Teixeira dos Santos sublinha que a situação orçamental do país “é delicada” e que é “duvidoso” que se atinja a meta para este ano (défice de 2,7%) e que, por isso, o novo Governo deve fazer esforços desde o primeiro minuto. Já quanto à meta do défice para o próximo ano (1,8%) considera-a “muito ambiciosa” e defende que seja revista. “O novo Governo terá que ponderar isso”, avisa.

Teixeira dos Santos, por sinal, era ministro das Finanças na última vez em que Portugal foi gerido por duodécimos. As eleições legislativas de 2009 – em que Sócrates perdeu a maioria absoluta – foram em outubro e isso fez atrasar a entrega do Orçamento do Estado para 2010. Este só entrou em vigor em abril. Nessa altura, no entanto, Portugal não tinha medidas extraordinárias como agora.

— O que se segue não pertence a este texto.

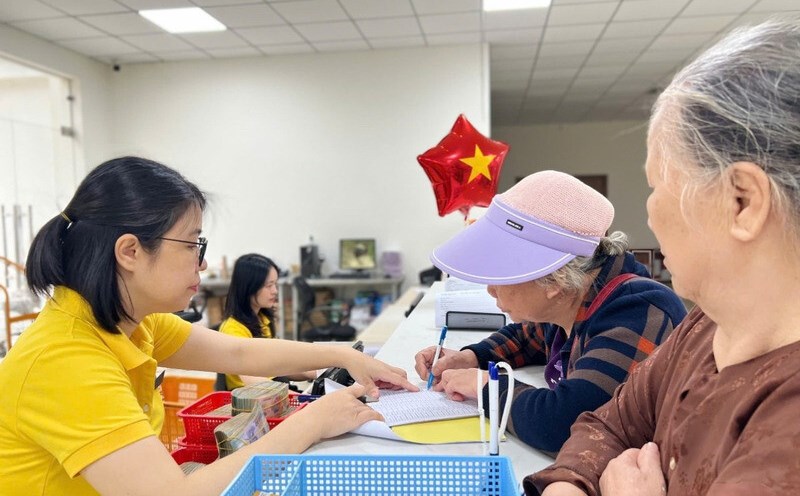 Lang Son City Post Office staff pay pensions to people. Photo: Ngoc Hieu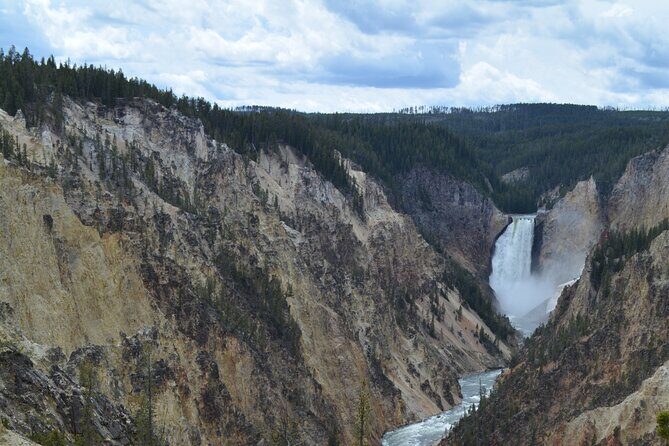 Grand Canyon of Yellowstone Hiking Adventure Full Day with Lunch - An Introduction to the Yellowstone Grand Canyon Hike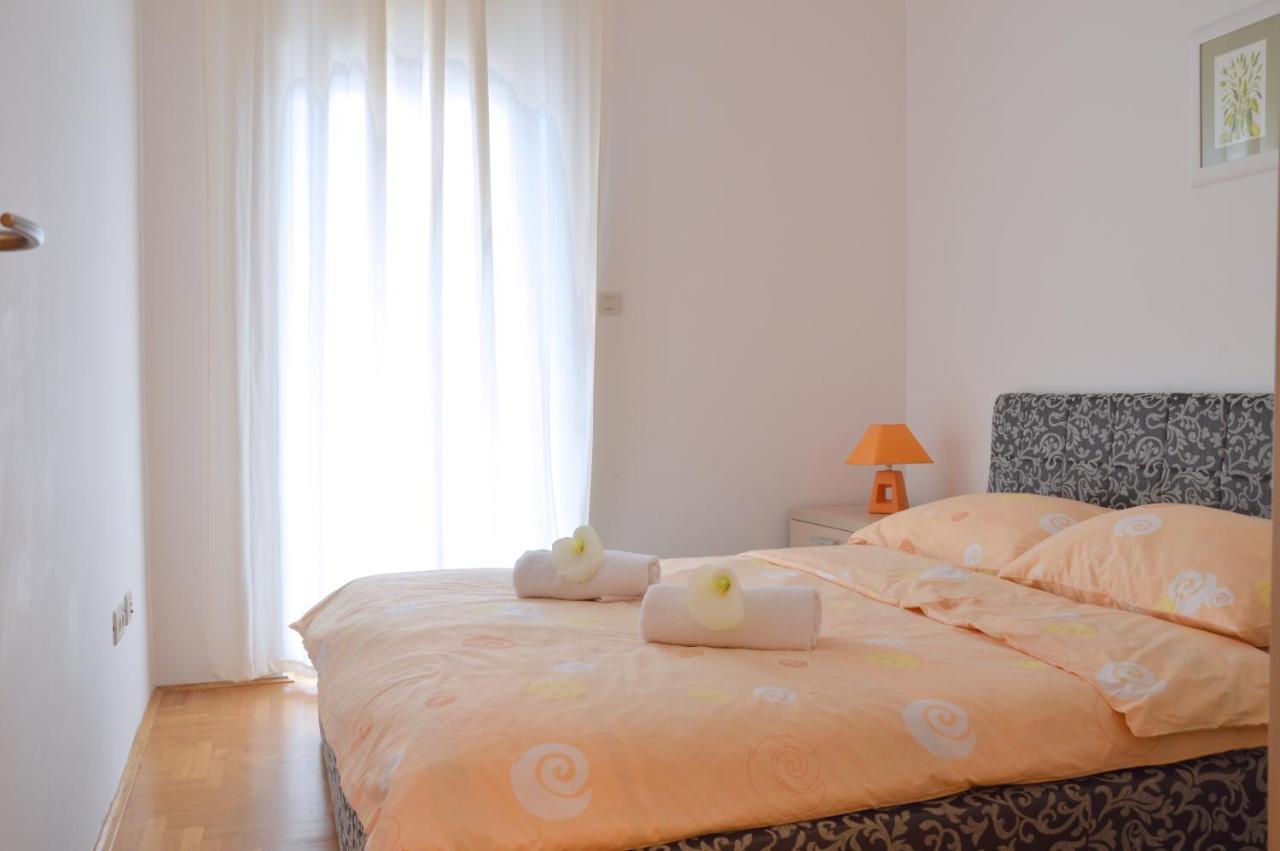 Apartment Silvija Sea View อูมัค ภายนอก รูปภาพ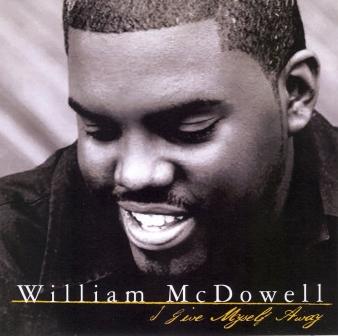 CoolFMPH's tweet image. #WrappingUp with @WilliamMcDowell ''I give myself away'' #SundayPraiseJam w @SEzekwesili
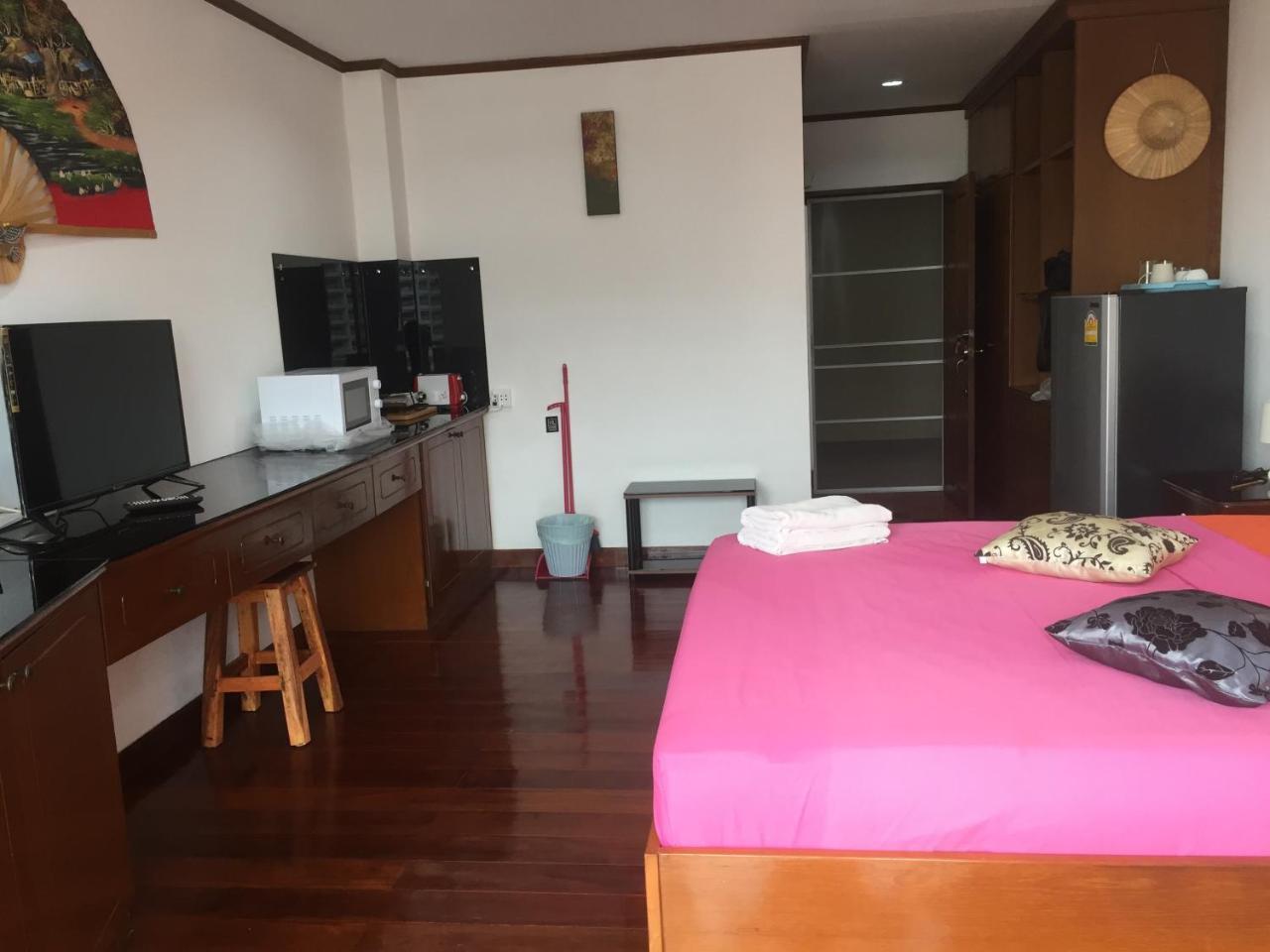 B&B View Talay 1 Jomtien Pattaya Eksteriør billede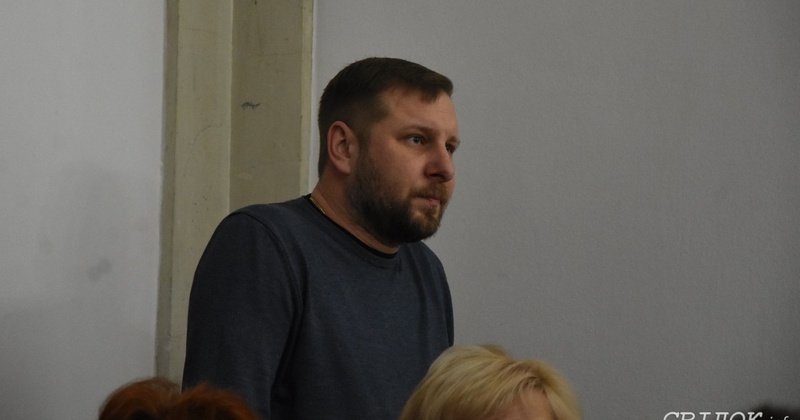 Керівник ''Миколаївкомунтрансу'' отримує премії у десятки разів більші за оклад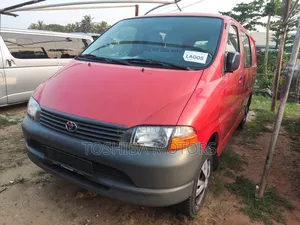 Toyota HiAce 2004 Red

Não me recordo de qualquer problema em especial. O quadro era diferente porque não tínhamos regras orçamentais que tivessem um deadline para deixar de estar em vigor implicando encargos orçamentais como agora. A única questão que tínhamos era que, arrancando o novo ano, o plafond era o do ano anterior na base dos duodécimos”, lembra, considerando que os limites de despesa eram “adequados” para as necessidades da altura.